## SUPPLIED INFORMATION
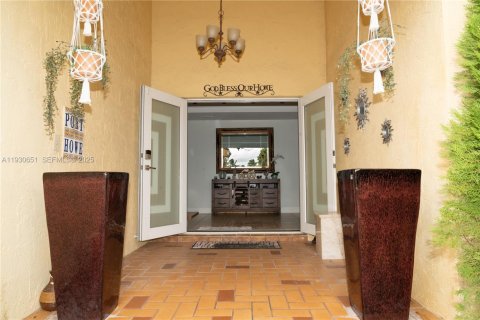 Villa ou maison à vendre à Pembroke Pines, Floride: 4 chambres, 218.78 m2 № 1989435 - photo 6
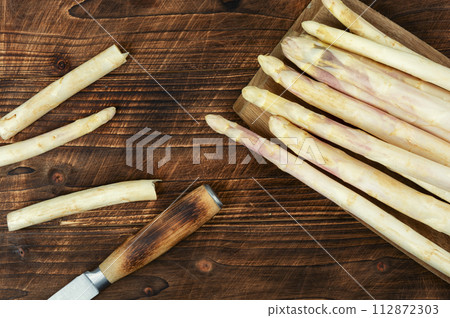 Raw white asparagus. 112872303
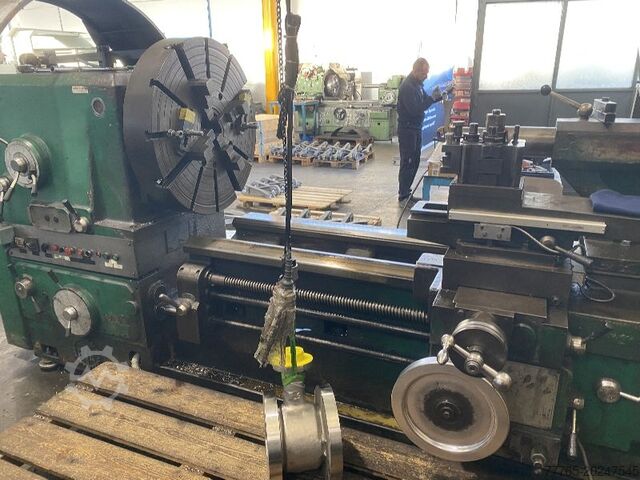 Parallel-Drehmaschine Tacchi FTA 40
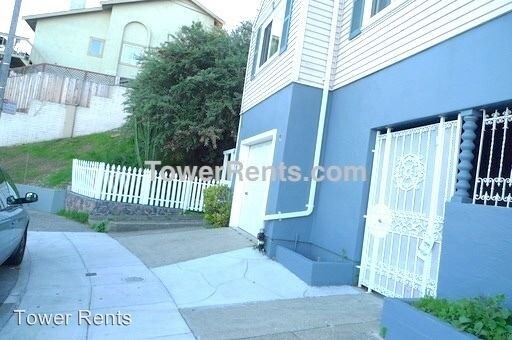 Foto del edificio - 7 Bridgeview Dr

## PROBLEM TO SOLVE
Your answer must be an exact copy of the lines from the line with "Raw white asparagus. 112872303" to the final line of the data, both ends included, and no pictures.

## EXERCISE OUTPUT
 Raw white asparagus. 112872303
 Parallel-Drehmaschine Tacchi FTA 40
 Foto del edificio - 7 Bridgeview Dr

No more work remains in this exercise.